Condition: Near new
For decades Michael Leunig has delighted and enthralled people across Australia and around the world. As an elder statesman for Australia his religious and political influence is widely felt through his poetry, artworks and cartoons.
It is interesting to note how often articles interviewing him are appearing in foreign newspapers from New Zealand to the United Kingdom and the United States. In recent times his views on the changing sociopolitical nature of Australia due to changes made by the Liberal government have been the main theme. People pay attention and hear what he has to say. He has a simplified world view that relates mainly to the messages of peace, love and the interaction of his soul with ducks and teapots.
The book on offer here is one of his more recent offerings but the messages within as always are thought provoking and often a challenge to the status quo.
Leunig’s cartoons remain timeless in their simple forms and heart warming messages. If the clutter in your life and soul is piling up then a book like this is just the remedy to help see the world anew and move on in a more positive light.
Some cartoons have previously appeared in the Sydney Morning Herald and the Melbourne Age.
Overall the book is in near new condition and is a fine addition to any library.
Please see the pictures and enjoy the small sample of his work from within.
Title – A New Penguin Leunig
Author – Leunig, Michael
138 pages of colour illustrations 19 x21 cm.

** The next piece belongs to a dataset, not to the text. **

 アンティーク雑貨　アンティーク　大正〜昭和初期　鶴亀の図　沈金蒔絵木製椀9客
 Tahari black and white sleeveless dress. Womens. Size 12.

Subjects include Australian wit and humor, pictorial caricatures and cartoons
Published by Penguin Group Australia Victoria Australia
Transcript comments between television presenter Andrew Denton and Michael Leunig from the ABC television show “Enough Rope with Andrew Denton”

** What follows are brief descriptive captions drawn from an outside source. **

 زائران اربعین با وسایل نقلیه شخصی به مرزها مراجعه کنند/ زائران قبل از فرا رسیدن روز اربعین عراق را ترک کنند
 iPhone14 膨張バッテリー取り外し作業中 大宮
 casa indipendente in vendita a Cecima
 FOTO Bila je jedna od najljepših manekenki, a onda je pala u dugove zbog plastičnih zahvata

ANDREW DENTON: Please welcome a true one of a kind, Michael Leunig. Welcome. I have just discovered moments before this interview began that you are almost deaf in your right ear is that right?

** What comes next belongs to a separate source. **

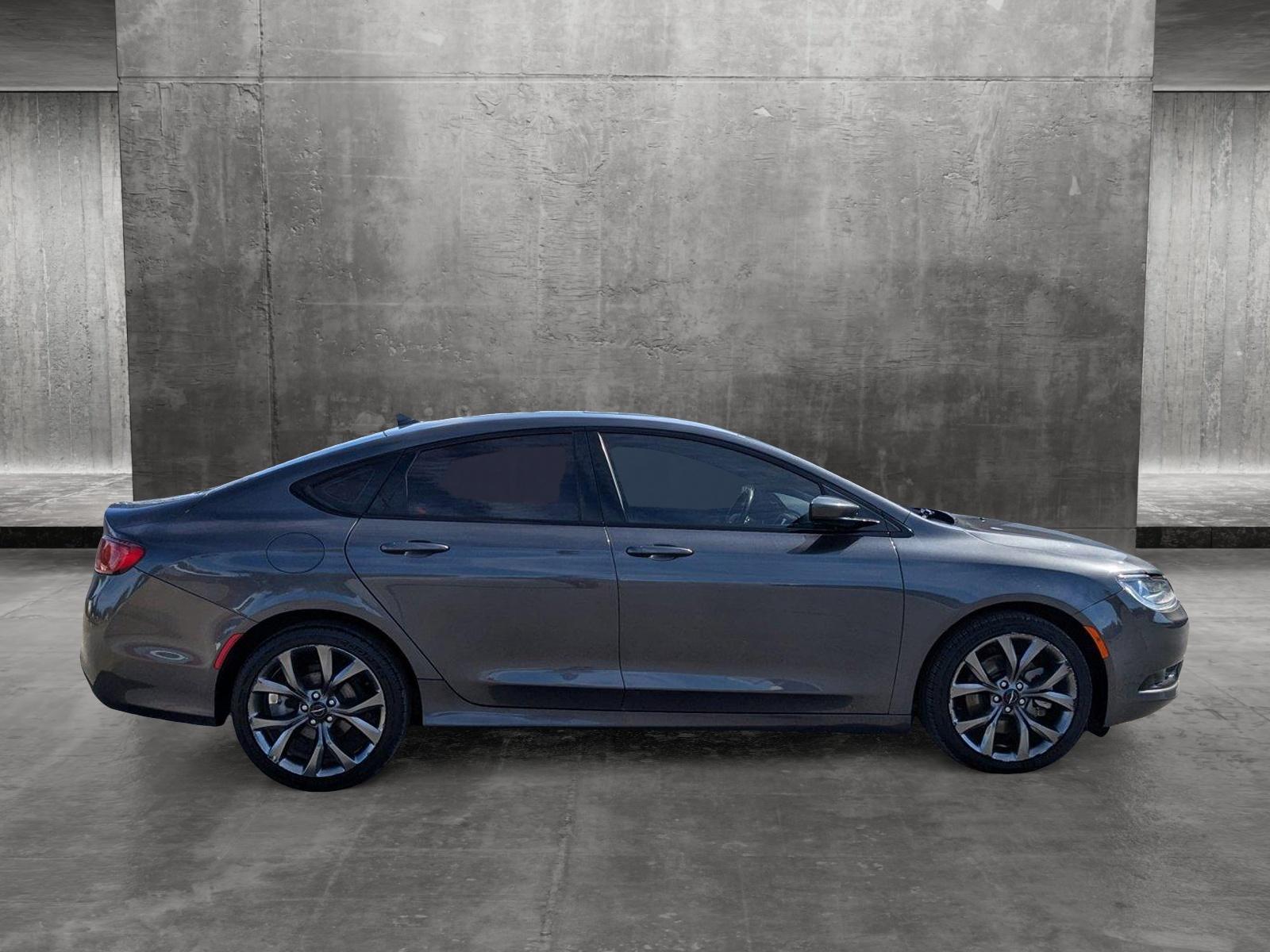 2015 Chrysler 200 Vehicle Photo in Spokane Valley, WA 99212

MICHAEL LEUNIG: I’m totally deaf in my right ear, yeah.
ANDREW DENTON: So any questions I ask you about the right in Australia you’re not going to hear?
MICHAEL LEUNIG: Quite possibly, but I’m a bit blind in my left eye recently, so it’s all balanced.
ANDREW DENTON: Now once more for the beginners, what was the duck about?
MICHAEL LEUNIG: Well, I don’t know. I thought everybody would understand what a duck is about, and it’s just there is the duck. And suddenly the whole nation seems perplexed about what does a duck mean? I think a nation is in trouble that cannot accept a duck.
ANDREW DENTON: You’ve started the career you have now in your early 20s and originally it was for news day and your job was to deliver the political cartoon by 9:30 in the morning every day, which didn’t really suit you. How did you come to leave the straight and narrow of topical cartooning for the bent and curly of Michael Leunig?
MICHAEL LEUNIG: Well, I became a cartoonist because I’d sort of failed at everything else, really. I mean, it was by default. I’d worked in factories and things, and I thought, I must find something to do. So it’s a bit like becoming a musician. You sort of get a gig, you know, you draw and someone likes that drawing, and someone asks you to do another one. So I get to this newspaper and then I’m asked to be a cartoonist, to comment on the world of politics which I didn’t know a great deal about. I was very green. And it was drawing a cartoon about the Vietnam War. There had been a terrible incident and, I don’t know, it was a Saturday morning and the editor came in with a terrible hangover and he was singing an Irish song and he’d lost his glasses and he was carrying his shoes in his hand, you see, the editor. And I knew this would be quite a morning. But anyway I was trying to draw about this very difficult subject and I got engrossed and tangled in it and the deadline was ticking away and, anyway, I just then drew a duck. I drew a duck. It appeared. You see, I was stuck. I couldn’t go on. I didn’t know where to go forward. The duck appeared in my mind or came off the end of my pen and then I put a fella sitting on the duck and then I drew a teapot on his head. It was an act of defiance. I was being absurd, you see, because I couldn’t untangle this terrible Vietnam tragedy and I drew this thing and I walked up to the editor, plonked it on his desk and he kind of looked at it and scratched his head and he said, “Well I don’t understand that, but I sort of like it, you know and there’s no time to do another one.” So in it went, you see.
I felt maybe society lacked, you know, some enchanting quality, little mysteries and little poetic elements sort of stuff. Maybe that’s what I felt. I wanted to put that there. And there was this little space in the paper, you know, it’s that big. It’s like a little stage. I thought it’s a little stage and I can put little actors on it and things and why should I restrict this to these boring politicians? Why can’t I put pixies and fairies and ducks and all those embarrassing things, the things that are deeply embarrassing to the grown-up, intelligent adults.